BeritaManado.com — Konflik lahan kembali mencuat di Desa Tontalele, Kecamatan Kauditan, setelah sejumlah warga mengaku diminta oleh satu perusahaan untuk membayar tanah yang sudah mereka tempati dan kelola selama puluhan tahun.
Warga bertutur perusahan tersebut adalah PT Aman Liman Jaya.
Padahal tanah tersebut telah menjadi tempat tinggal dan lahan berkebun secara turun-temurun, bahkan sebagian warga telah membangun rumah permanen di atasnya.
Warga, melalui pernyataan Hengki Dunggio, Hj Hapsa Abudi, dan Sawal Mahadjani, mengungkapkan kebingungan mereka terhadap dasar penagihan tersebut.
Menurut Hengki Dunggio, perusahaan bersikeras bahwa lahan yang ditempati warga masuk dalam wilayah Hak Guna Usaha (HGU) perusahaan, meski selama bertahun-tahun warga tidak pernah menerima penjelasan atau batasan resmi mengenai area tersebut.
Keluhan warga semakin menguat ketika membahas masa berlaku HGU.
“Bagaimana orang mau bayar kalau masa HGU saja sudah habis? Kalau memang diperpanjang, kenapa tidak ada sosialisasi?

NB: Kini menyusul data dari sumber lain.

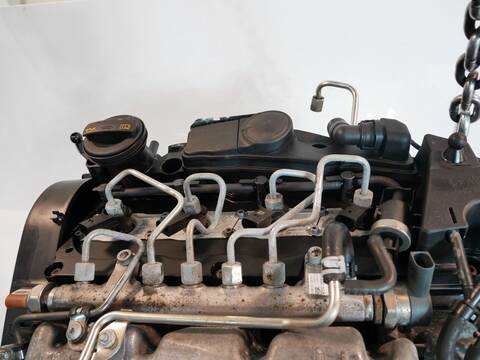 Foto 3ª: Motor Completo Volkswagen Passat 140 CV 103KW [CBA CBAB]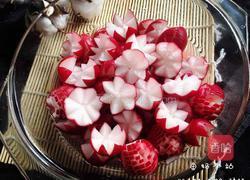 【爽口樱桃小萝卜】的做法图解9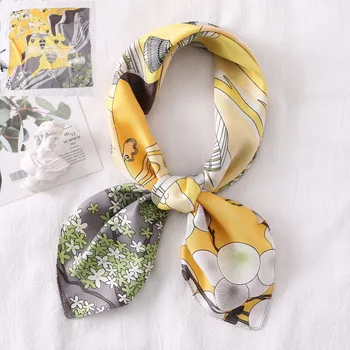 New fashion scarf 70cm square size beautiful design women's collar scarves neckerchief multi-use hair band scarfs 738#
New fashion scarf 70cm square size beautiful design women's collar scarves neckerchief multi-use hair band scarfs 738#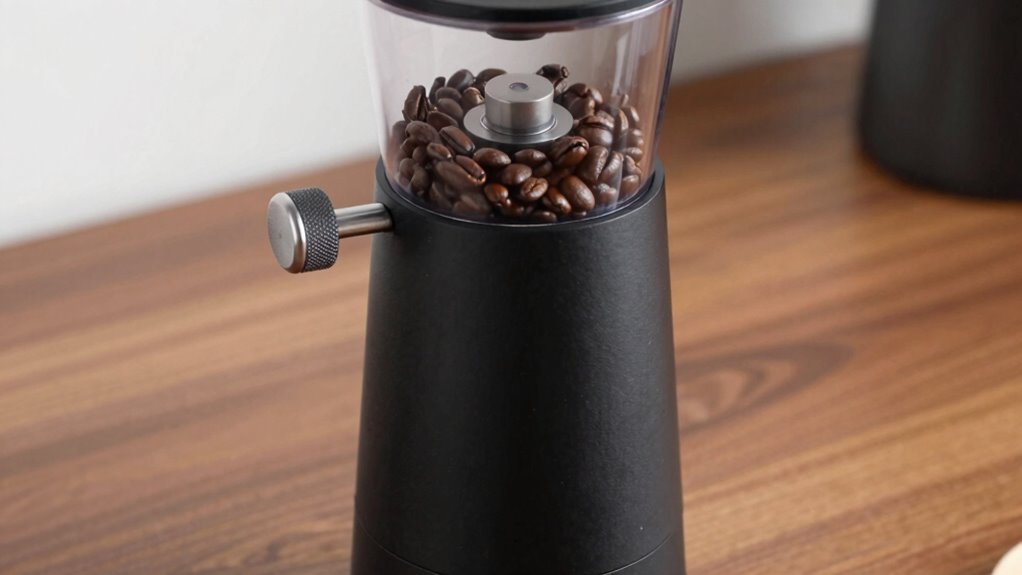 easy to use maintenance features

Kenapa masyarakat malah dibebani pembayaran?,” ujar Hengki Dunggio.
Data warga menunjukkan terdapat sejumlah rumah yang berdiri di atas lahan yang kini menjadi sengketa, dengan total luas sekitar 63,5 hektare.
Sebagian lahan sebelumnya sudah digunakan sebagai kebun, sementara sisanya merupakan zona pemukiman.
Hengky menyebut ada beberapa bidang tanah misalnya nomor 9 dan 10 yang tercatat sekitar 1,8 hektare, dan sebagian lainnya telah dikelola masyarakat jauh sebelum perusahaan hadir di desa tersebut.
Kebingungan warga semakin memuncak ketika menyinggung riwayat historis tanah.
Berdasarkan cerita yang berkembang di masyarakat, lahan tersebut dulunya merupakan tanah kolonial milik Paul Backer (warga Belanda), yang kemudian berubah status menjadi tanah negara setelah berlakunya Undang-undang tahun 1958 yang melarang warga negara asing menguasai tanah di Indonesia.
Dengan riwayat tersebut, warga mempertanyakan bagaimana bisa tanah yang semestinya menjadi aset negara justru dialihkan kepada perusahaan tanpa penjelasan yang jelas kepada masyarakat yang sudah lama tinggal di sana.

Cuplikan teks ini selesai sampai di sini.